Morrisville Water & Light general manager Craig Myotte said the state certificate is overly restrictive and would hurt the utility's ability to generate power — and make money — from the dam. The issue lies in the logistics of generating hydropower.
To build up enough energy to convert to electricity, hydroelectric plants divert water from the river into a penstock, a massive pipe that runs downhill parallel to the river. The force of the water flowing down the pipe spins turbines and creates electricity. More water means more electricity, but it also means less water stays in the stretch of riverbed above the power plant.
The problem with the new state certificate, Myotte argued, is that officials are making the utility leave far more water in the river — more than is required to meet water quality standards.
"Because of that, we can actually use less water to generate the hydro through the penstock," Myotte said. He estimates the state's conditions would cut power generation by a third.
Hydropower currently meets about 20 percent of the Morrisville utility's demand. State policy calls for 90 percent of Vermont's energy to come from renewable sources by 2050. Myotte said Morrisville Water & Light is constantly striving toward that goal, but the new environmental requirements would be a setback.
"Somewhere, somebody at the top of the state government needs to be able to make some decisions about what makes sense for all of this," Myotte said. "We've got competing interests at different levels of the state that's creating some conflict here."
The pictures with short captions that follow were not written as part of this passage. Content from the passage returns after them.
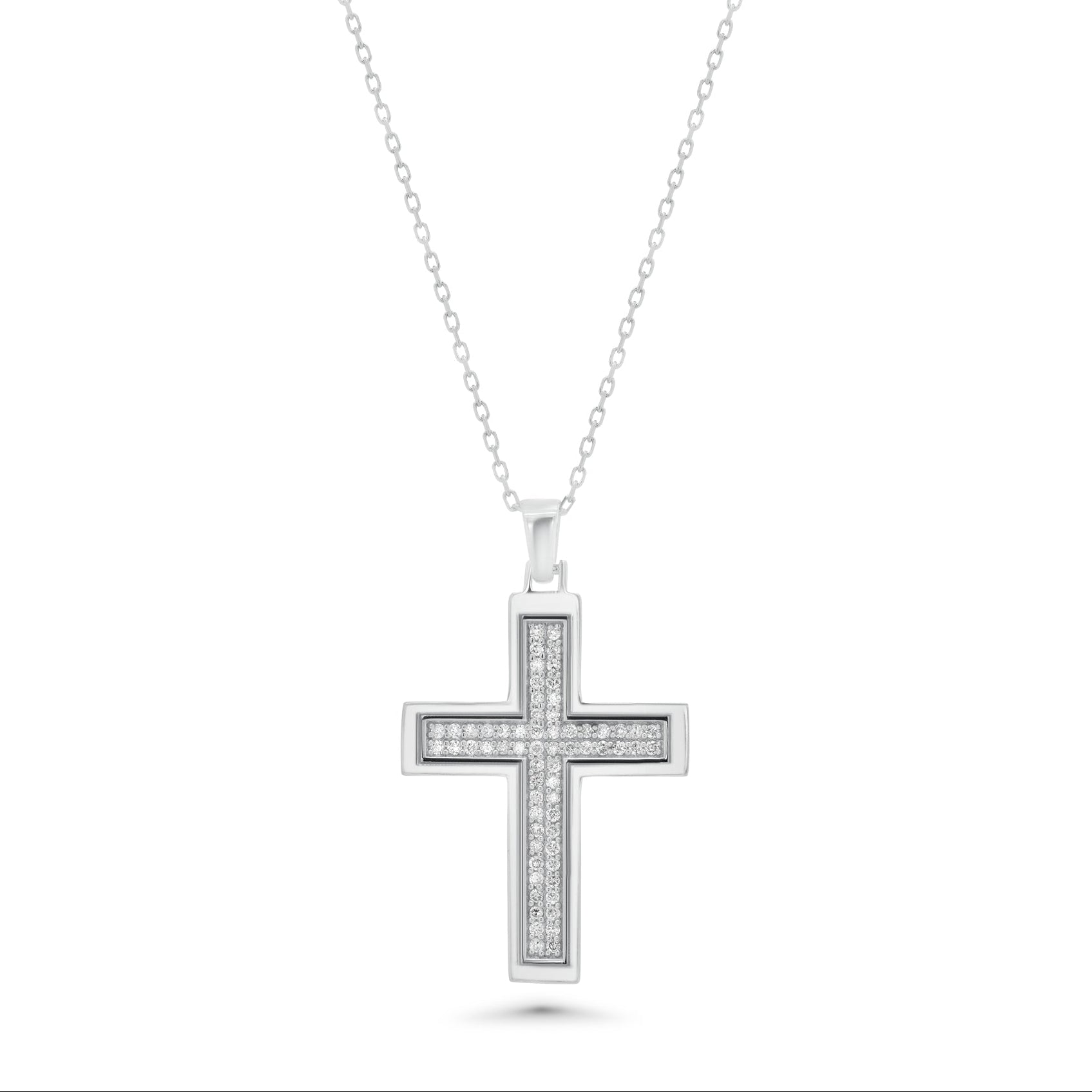 Rhodium Plated 925 Sterling Silver Lab Grown Diamond 34mm x 21mm Cross Pendant Necklace - LGMN00009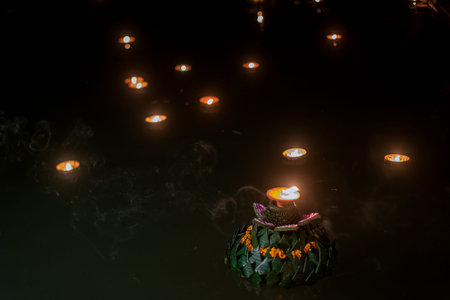 Loy Krathong festival, People made form flowers and candle to light and float on water to celebrate the Loy Krathong festival in Thailand. Traditional festival celebrated annually throughout of Thailand.の写真素材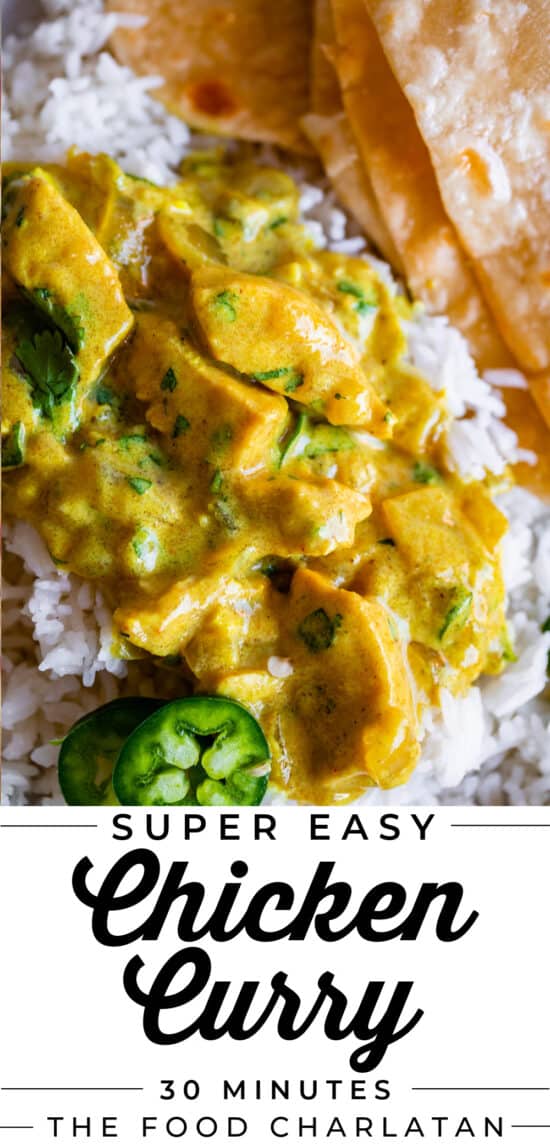 indian chicken curry on rice with jalapeno and roti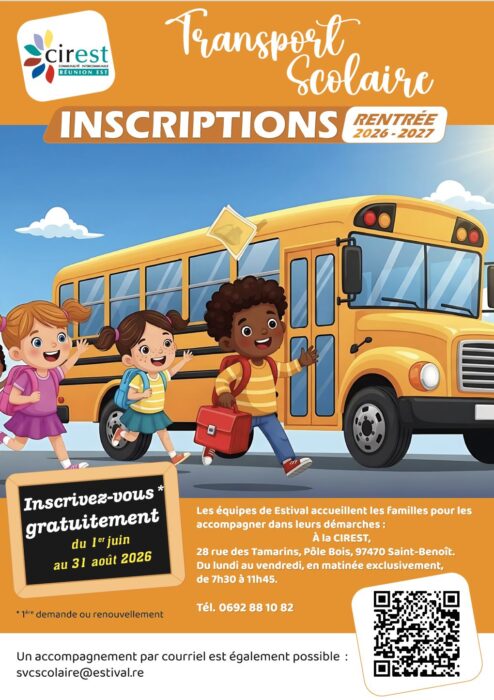 Inscription au transport scolaire à La Réunion : facilitez la rentrée avec la Cirest, la communauté d&rsquo;agglomération de l&rsquo;Est de La Réunion, le réseau connecté de l’Outre-mer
But Welts, the ANR lawyer, said the federal process is clear: The state has one job in this water quality review, and it has nothing to do with renewables or the economics of power generation.
"It's ultimately an issue of ensuring that water quality standards are being met," she said.
Because the utility's current permit, issued in 1985, is decades old, Welts said, the waters around the Green River Reservoir are already falling short of Vermont's standards. That doesn't mean Morrisville Water & Light has broken the rules; the utility is complying with the conditions of its permit.
"The big takeaway should be that we have waters here that have not been meeting water quality standards for whoever knows how long, and we have issued a water quality certification with conditions necessary for those waters to come back into compliance with water quality standards," said Welts.
While the state's review doesn't focus on economics or renewables, Morrisville Water & Light does. Myotte said the utility could raise customer rates to avoid operating the hydroelectric plants at a loss. He said it's possible another entity such as the state, which owns the parkland around the Green River Reservoir, could take over the dam.
"In the worst case, you know, under a decommissioning process, the dam in the long run could be removed," Myotte said, "which of course is not a very attractive answer. People don't want to even think about that from the standpoint that it would destroy the Green River State Park."
At the last stop during Walsh's visit, the judge stood atop a steep slope. Below him, the penstock from the Green River dam made its way along the valley floor to the generation plant. The streaked and faded cement wall rising from the valley held back the ice-covered reservoir. Surrounding Walsh, attorneys on both sides looked out on the scene, hoping his notion of its future matched their own.